The SUS plate was used as a comparison for the SUS fiber sheet. Hereafter,
the capacitor electrodes of the SUS fiber sheet and the SUS plate
loaded with activated carbon are denoted as capacitor electrodes F
and P, respectively. The amount of loaded activated carbon on the
capacitor electrode (m) was measured gravimetrically
and recorded as the total weight coated on both sides of the 1 cm
× 1 cm-sized electrode.
Electrochemical Measurements
Electrochemical
measurements were carried out under a nitrogen atmosphere in a PC
solution containing 0.1, 0.5, and 1.0 M TEABF4 using a
three-electrode one-compartment type cell (Figure S1 in the Supporting Information). The freshly prepared capacitor
electrode and a Pt plate were used as the working and counter electrodes,
respectively.

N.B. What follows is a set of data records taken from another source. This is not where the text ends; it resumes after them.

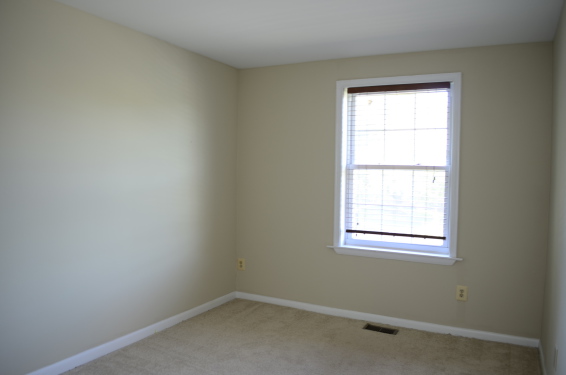 Home for Rent in Timonium - Castlebar Court, Timonium, MD 21093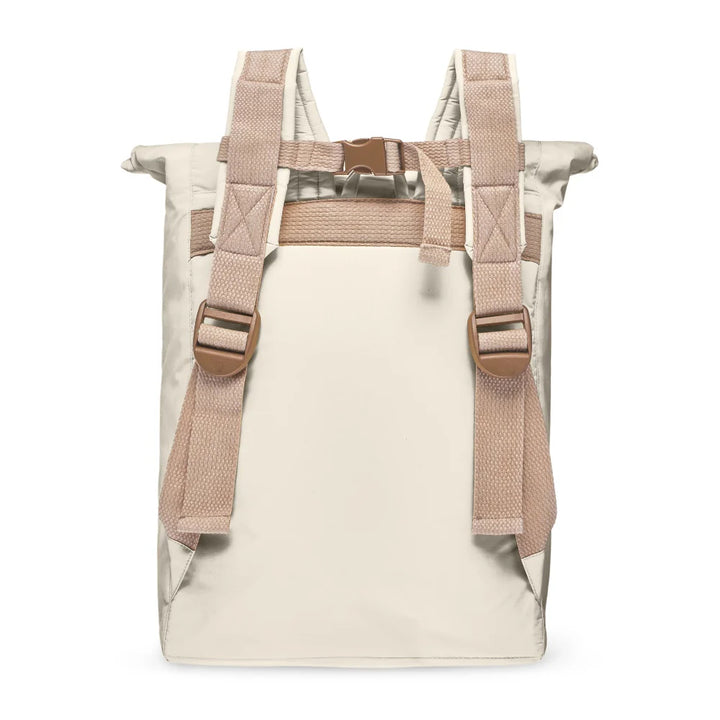 >MINI A TURE MATWP Backpack - Sandshell Age 1-8Yr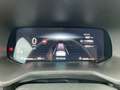 Renault Clio Techno TCe 90 Blau - thumbnail 12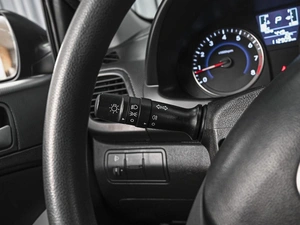 Седан Hyundai Solaris 2015 года, 1099000 рублей, Ставрополь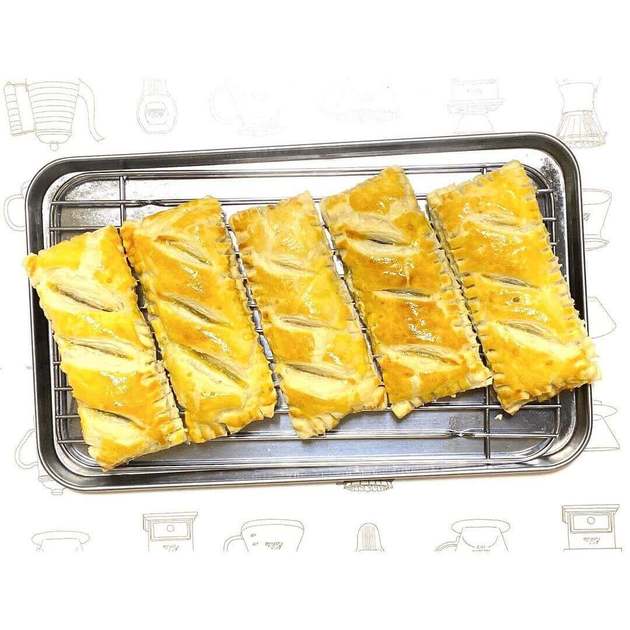 おせちの残り を簡単に美味しく 栗きんとんリメイク など3選 ヨムーノ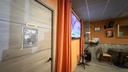 Moderný Commercial v Torrevieja – Acequion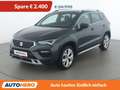 SEAT Ateca 1.5 TSI ACT Xperience Grau - thumbnail 1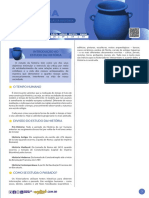 1 1 Introduc A o A Histo Ria PDF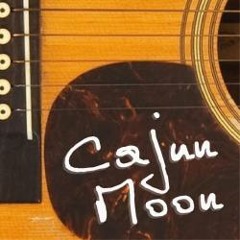 Cajun Moon (J.J. Cale cover)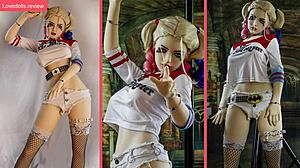 top 5 celebrity sex dolls you might wanna grab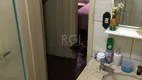 Foto 17 de Apartamento com 3 Quartos à venda, 88m² em Cristal, Porto Alegre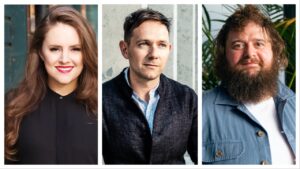 garsington-opera-launches-2025-winter-concert-series-at-wigmore-hall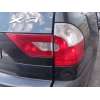 bmw x3 (e83) del año 2006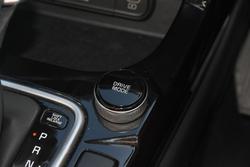 2023 Kia
Seltos Sport+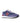 SCARPE SPORTIVE Blu New Balance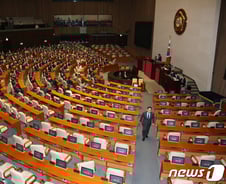 '정쟁 OUT'…새로운 '정쟁(정책경쟁)'으로 승부하라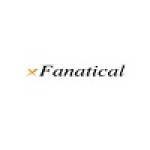 xFanatical Enterprise Software Company Profile Picture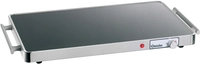 Elektro-Wärmeplatte für GN 1/1 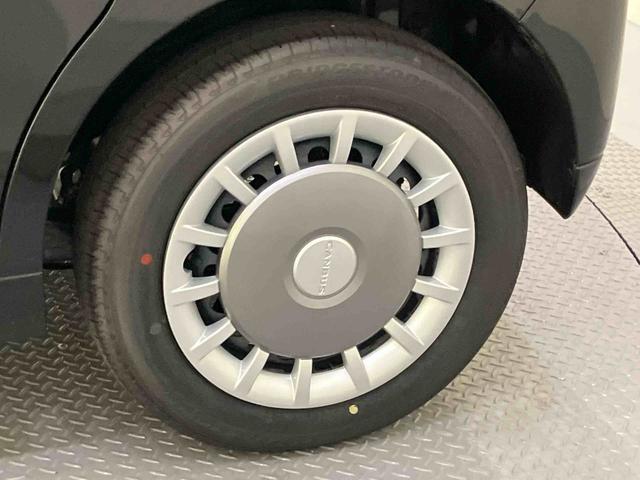 ムーヴキャンバスセオリーGシ−トヒ−タ− LEDライト 衝突軽減 電格ミラー アイドルストップ Bカメラ USB 車線逸脱警報 スマートキー キーフリーキー オートLED エアバック ABS ワンオーナー車 Wパワスラ(山口県)の中古車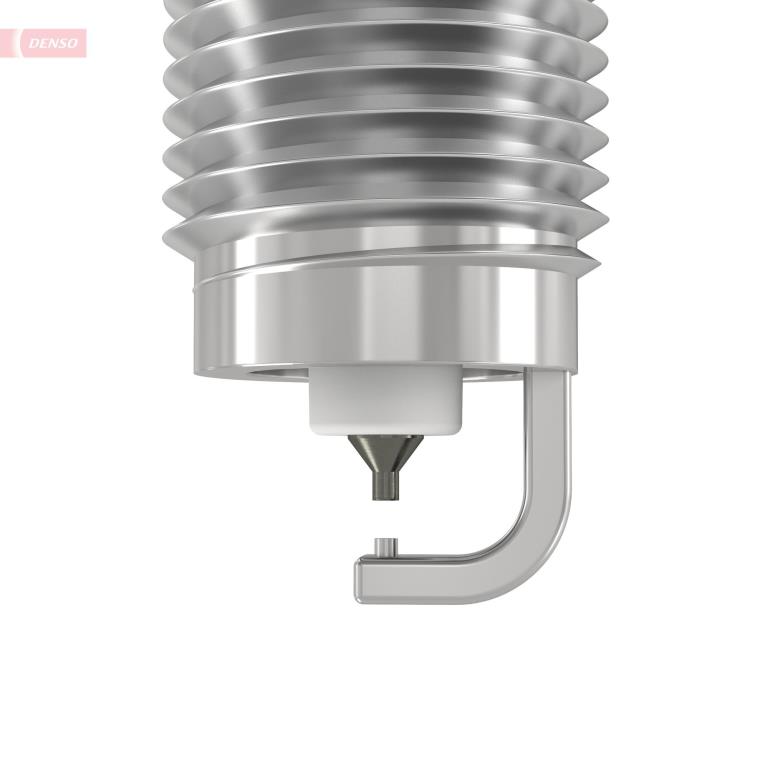 Bougie d'allumage DENSO ref. IXU22FTT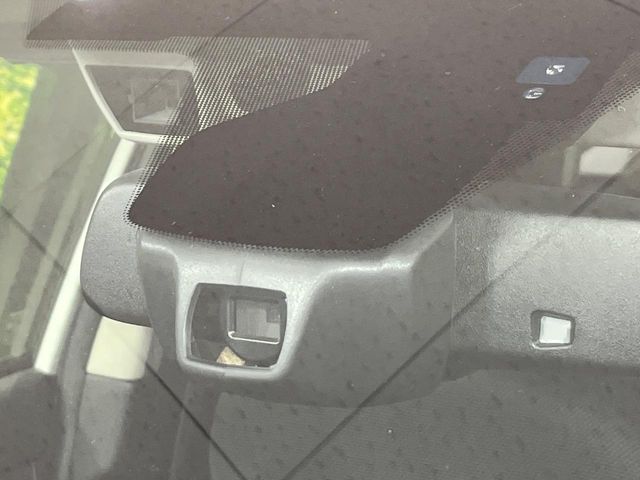 Subaru Impreza XV 5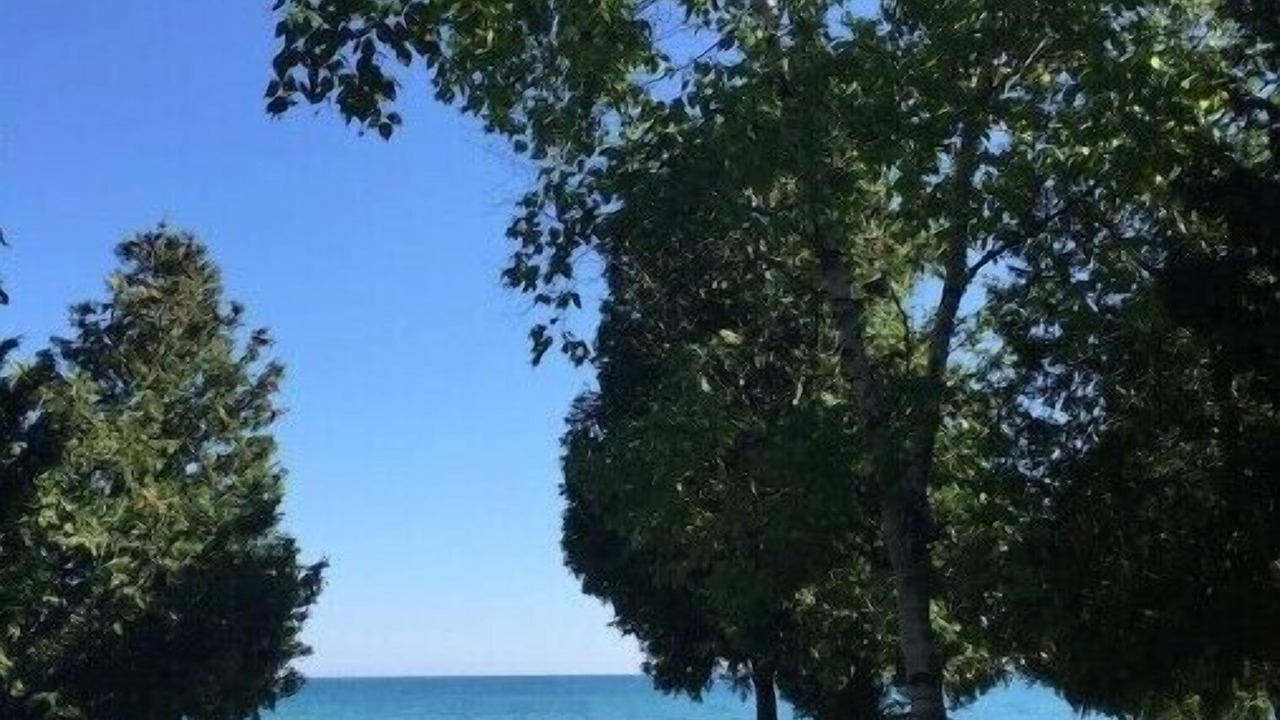 Photo of Outdoor in Northern Bruce Peninsula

All potentials were referenced to an Ag/Ag+ electrode (RE-7, BAS Inc.).Cyclic voltammetry was conducted
using an electrochemical analyzer (ALS 750A, BAS Inc.) at a sweep
rate of 20 mV s–1 and a potential range of −0.3
to 1.0 V versus the Ag/Ag+ reference electrode. The charge–discharge
tests employed a charge/discharge unit (HJ1010mSM8A, Hokuto Denko
Co.) to galvanostatically charge the capacitor electrodes to 1.0 V
and then galvanostatically discharge them to −0.3 V at a current
density of 2.0 or 5.0 mA/cm2.Electrochemical impedance
spectra of the capacitor electrodes were
measured with an impedance spectrum analyzer (SP-150, BioLogic) at
the discharged state (0 V vs Ag/Ag+) in a frequency range
from 10 mHz to 10 kHz with a potential perturbation of 5 mV.
Results and Discussion
Morphology of the SUS Fiber
Sheet
Figure shows the
photograph and SEM images of the as-fabricated SUS fiber sheet. The
SEM images reveal a 3D structure formed by entangled fibers. Using
the average diameter (8.0 μm), average length (3.0 mm), density
(7.98 g cm–3),[37] and
basis weight (3.0 × 10–2 g cm–2) of SUS fibers, the actual surface area of an SUS fiber sheet with
a geometric area of 1 cm2 was calculated to be 19 cm2. A low sheet resistance of 1.5 × 10–1 Ω sq–1 was obtained for the fiber sheets
because the fibers were bonded to each other by sintering, as shown
in Figure d.
Figure 1
(a) Photograph,
(b) low-magnification SEM image, and (c) high-magnification
SEM image of the SUS fiber sheet. (d) Enlarged view of a fiber junction.
(a) Photograph,
(b) low-magnification SEM image, and (c) high-magnification
SEM image of the SUS fiber sheet. (d) Enlarged view of a fiber junction.
Cyclic Voltammetry
Figure a shows repeated
cyclic voltammograms
of the capacitor electrode F and the SUS fiber sheet (solid red and
green curves, respectively). The concentration of the supporting electrolyte
was 0.1 M, and the amount of loaded carbon was m =
1.3 × 10–3 g/cm2 geometric area.
The SUS fiber sheet showed very little current flow within the measured
potential range, indicating its suitability as a current collector.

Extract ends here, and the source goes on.